Mendoza School of Business

Google It: Bringing Big Data To The Classroom

Published: April 5, 2019 / Author: Andrew Mentock



Kevin Hartman is an innovative practitioner in the world of business analytics and big data.

His day job is at Google, where he is the Director of Analytics in the Consumer, Government & Entertainment Sector. He is charged with the task of navigating the ever-changing profession of business analytics while working with major advertisers, creative agencies, media companies, and other large and influential organizations.

“My team and I work with advertisers to help build programs and investment opportunities for them to put campaigns on YouTube, search campaigns and on other places through the mediums that Google offers,” Hartman said.

While his job centers around numbers and data, he sees his work as an art form just as much as it is a science.

This perspective has also helped him become a relatable and impactful Notre Dame professor.

For the past four years, Kevin Hartman has spent a significant amount of his time outside of the Google office as an adjunct assistant teaching professor at the University of Notre Dame. Currently, he works within Mendoza College of Business’ Master of Science in Business Analytics [MSBA] program and primarily teaches on the Notre Dame Chicago campus.

Part of his role as a Notre Dame professor is to teach the Introduction to Business Analytics course for the MSBA Chicago program. This week-long, immersive course takes place at Notre Dame’s main campus at the beginning of the program in January.

He teaches in a way that you feel like you can ask questions and engage. Kathryne Burns

“He was fascinating, and I think his approach is also disarming,” said Kathryne Burns, a current student in the MSBA Chicago program. “It was a conversation. He was imparting all of this knowledge and experience on us and kind of setting the foundation or the framework for our year ahead. He teaches in a way that you feel like you can ask questions and engage.”

This gives students the opportunity to practice the conversational skills they’ll need in the business analytics world, which is an essential aspect of Notre Dame’s Masters in Business Analytics program.

The MSBA in Chicago is designed for working professionals with at least two years of work experience. The cohort-based in-person learning environment in downtown Chicago fosters deeper conversation and understanding of data, and the power behind data to make decisions.

March 22, 2019; Kevin Hartman, director of analytics for Google, gives the ‘Ten Years Hence’ lecture. (Photo by Matt Cashore/University of Notre Dame)

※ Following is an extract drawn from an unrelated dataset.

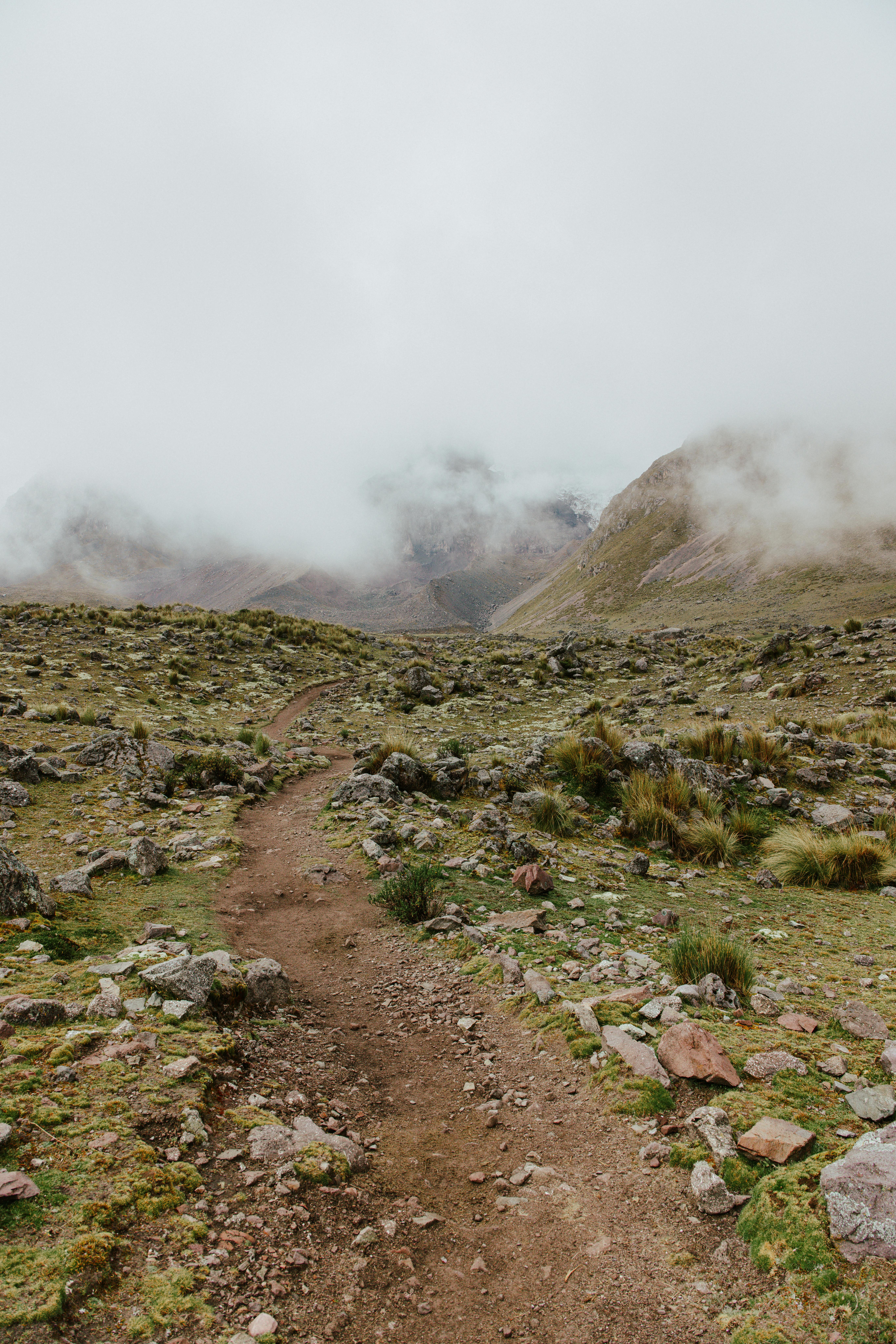 Explore a mist-covered path in the rugged mountains of Cusco, Peru. Ideal for depicting adventure and tranquility.
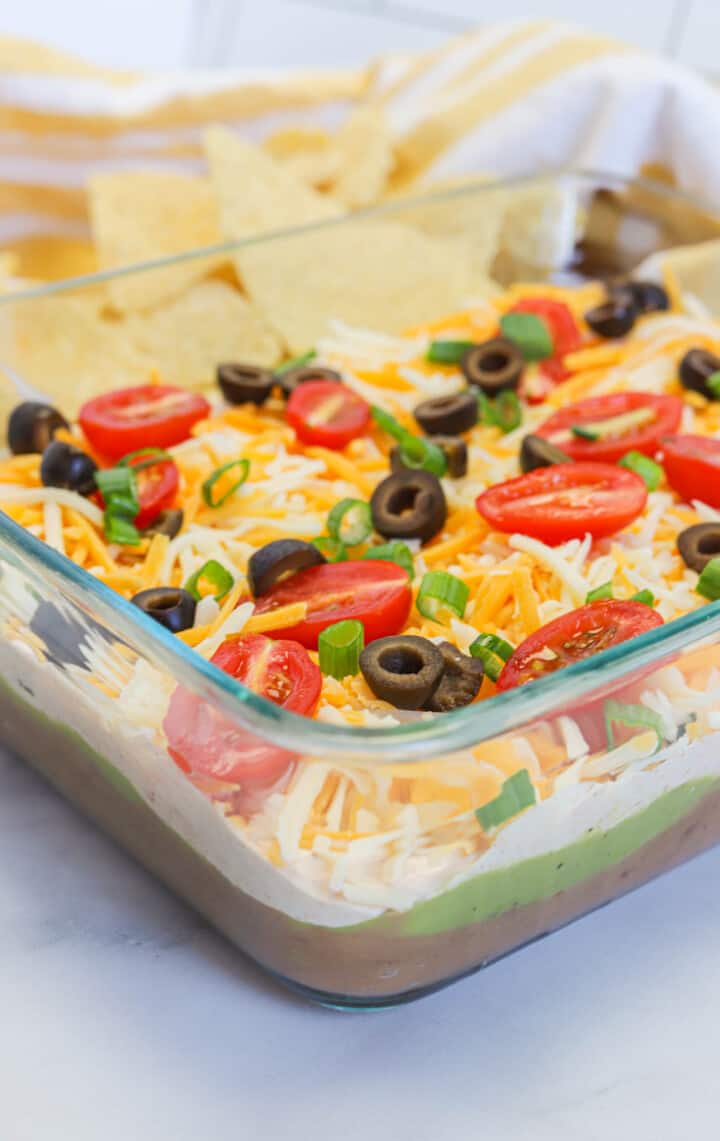 5 Layer Dip in glass dish with tortilla chips.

In the classroom, Hartman blends his knowledge of current trends and industry standards. He does this by giving them tools that will help them adapt to wherever the industry goes next.

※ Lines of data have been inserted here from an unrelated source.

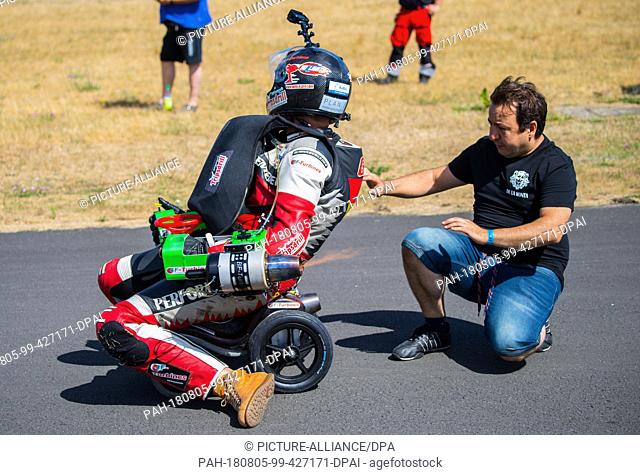 05 August 2018, Germany, Bottrop: Aliatdin Sen (R), longtime friend and helper, supports Dirk Auer on his bobby car before the test drive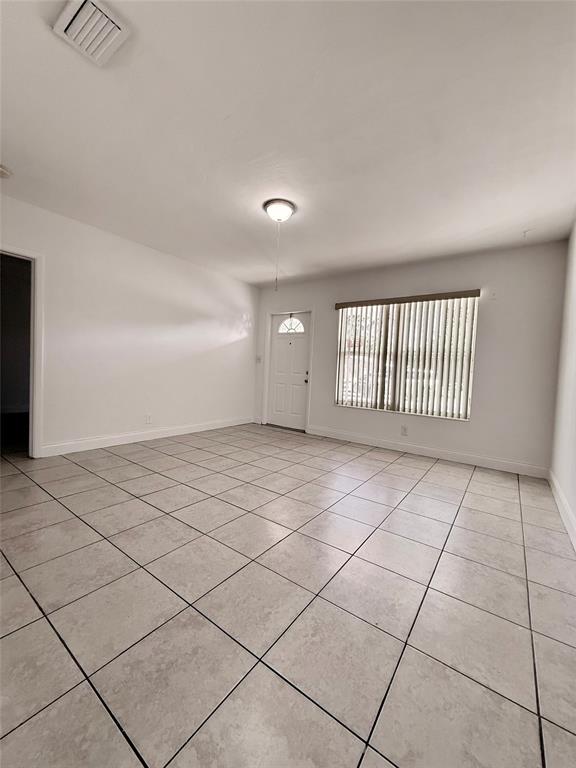 2671 Northeast 18th Terrace Lighthouse Point, FL 33064 - Photo 3 of 7 a view of an empty room and a window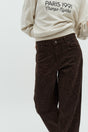 Brune zebramønstrede jeans med knaplukning og frontlommer, båret med en lys sweatshirt.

“The way I teach analytics is informed by my business day job,” Hartman said. “That is also why I don’t want to just impart practical knowledge to them, because that practical knowledge has a very short half-life. Things are moving so quickly. If I teach you how to do something today, that might not be relevant in a week or a year.”

His forward-thinking approach to business analytics is one of the many reasons he is so valuable to Notre Dame, but Hartman also appreciates the opportunity to reconnect to the university as a professor.

Throughout his entire life, Notre Dame has had a special place in Hartman’s heart. In 1992, he graduated from the university with a Bachelor of Arts in Political Science and Economics. He was also born in South Bend while his dad, a Double Domer, was finishing up school.

“Not only was I born here, but this is where my family used to take summer vacations,” Hartman said. “We would stay in Lewis Hall. I have great memories of riding bikes down to The Rock and of fishing in the lakes. So this is a really special place for me, and the students that I encounter are tremendous.”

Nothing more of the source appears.